Exercise instructions: Nothing but the lines from the one containing "Asos blue wrap front Yoko print jumpsuit" to the final line of the entries should appear, copied exactly and without pictures.
....
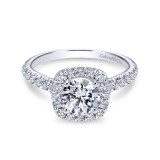 Gabriel & Co. 14k White Gold Contemporary Halo Engagement Ring photo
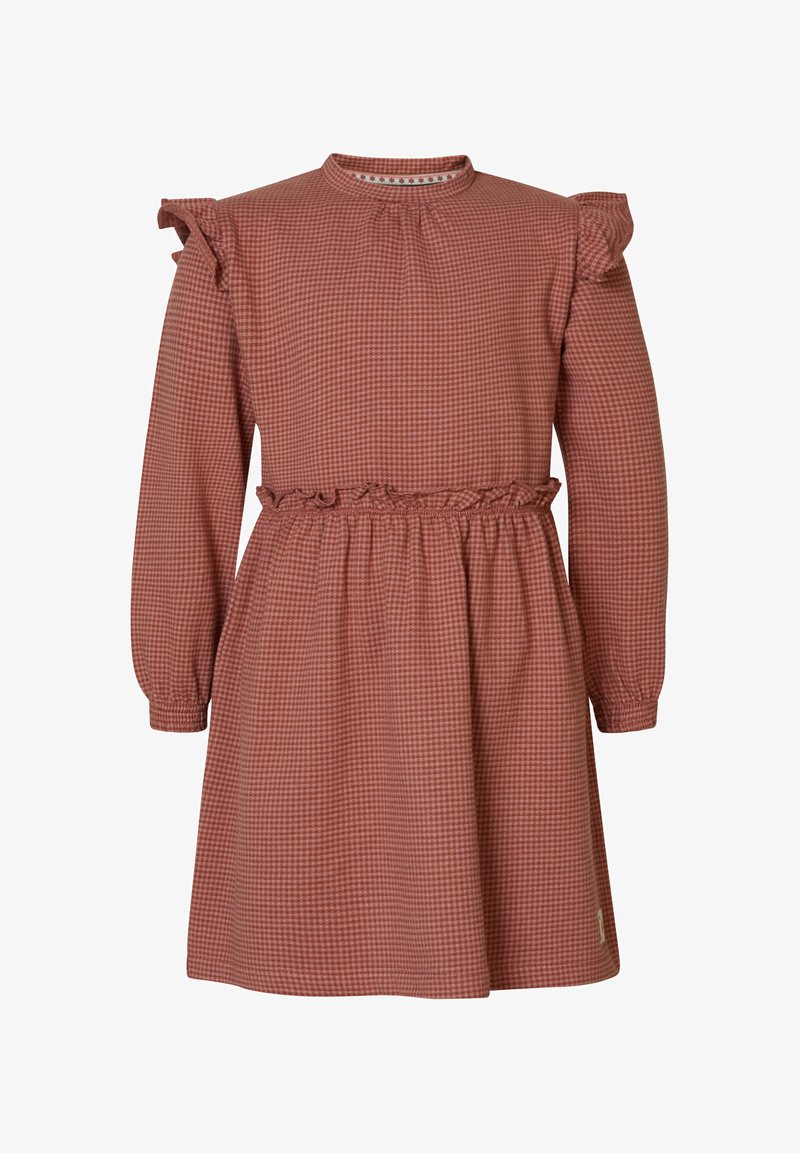 Rot-weiße karierte Kleid mit langen Ärmeln, gerafften Schulterakzenten, einem runden Ausschnitt und einer taillierten Taille. Strukturierter gewebter Stoff.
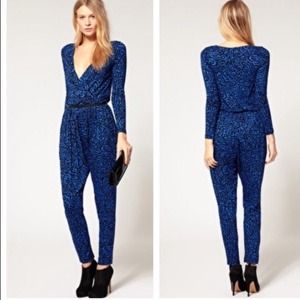 Asos blue wrap front Yoko print jumpsuit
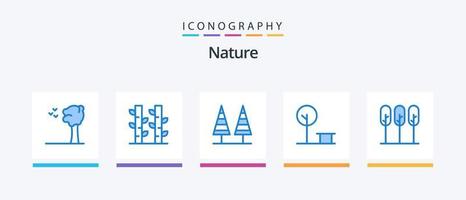 pacote de ícones de natureza azul 5, incluindo árvore. lugar. floresta. parque. cidade. design de ícones criativos vetor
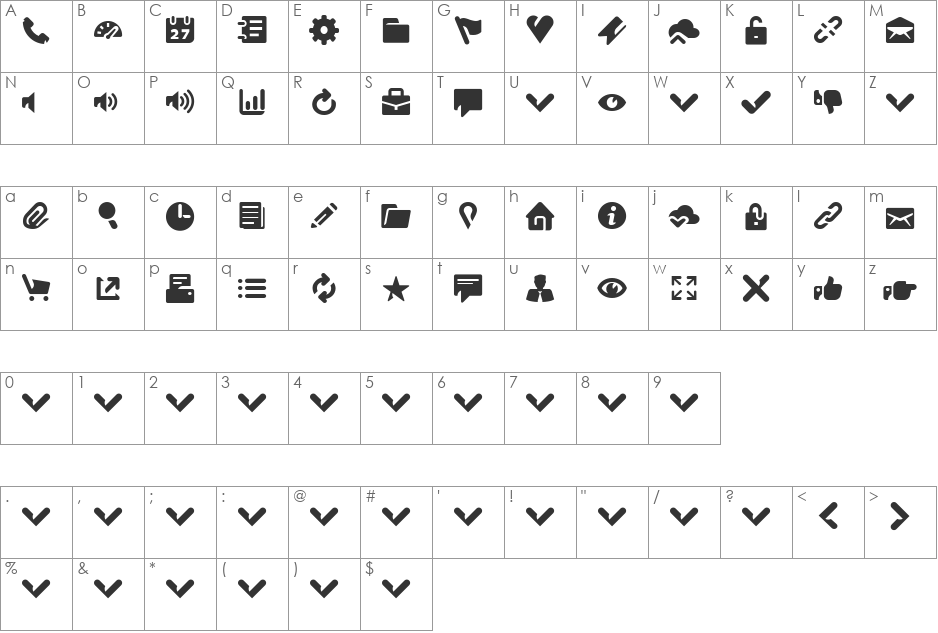 Breezi Icon Set font character map preview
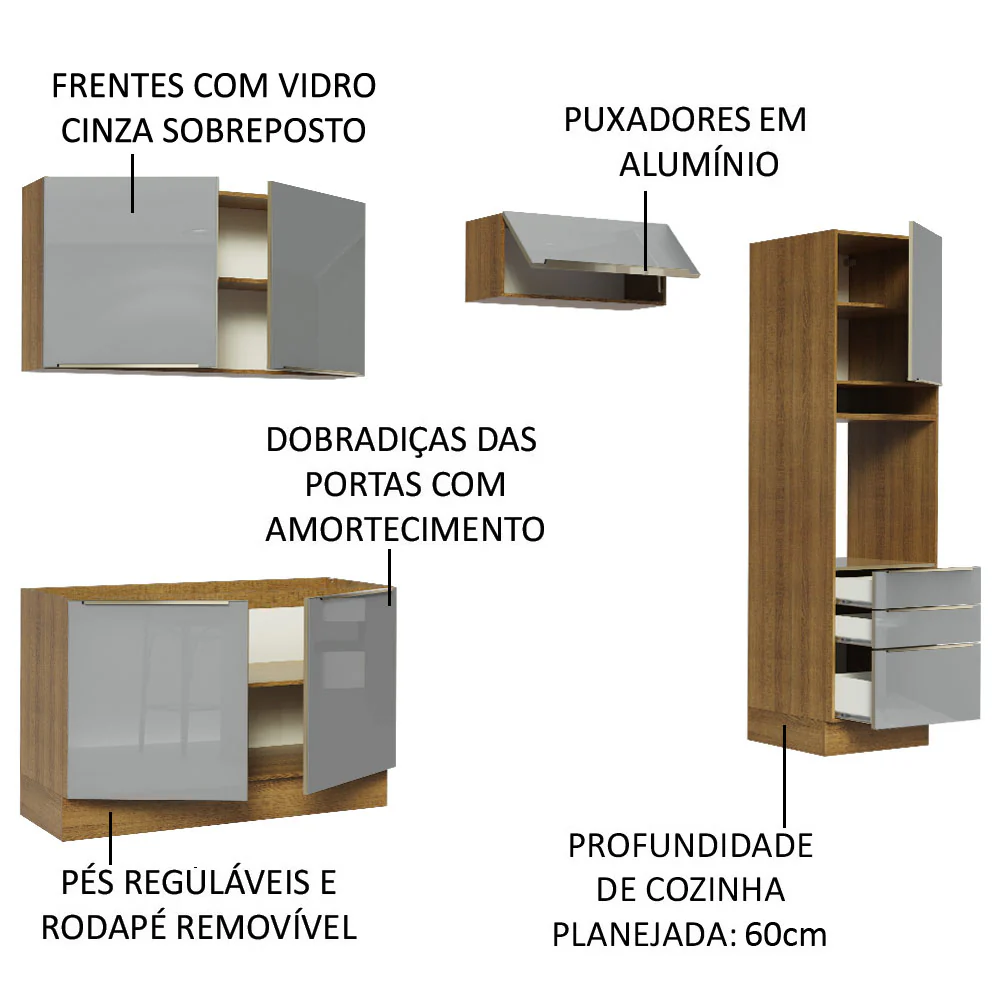 Armário de Cozinha Completa 260 x 60 cm Rustic/Cinza Lux Madesa 05 - Image 4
....
Reply to the task:
 Asos blue wrap front Yoko print jumpsuit
 pacote de ícones de natureza azul 5, incluindo árvore. lugar. floresta. parque. cidade. design de ícones criativos vetor
 Breezi Icon Set font character map preview
 Armário de Cozinha Completa 260 x 60 cm Rustic/Cinza Lux Madesa 05 - Image 4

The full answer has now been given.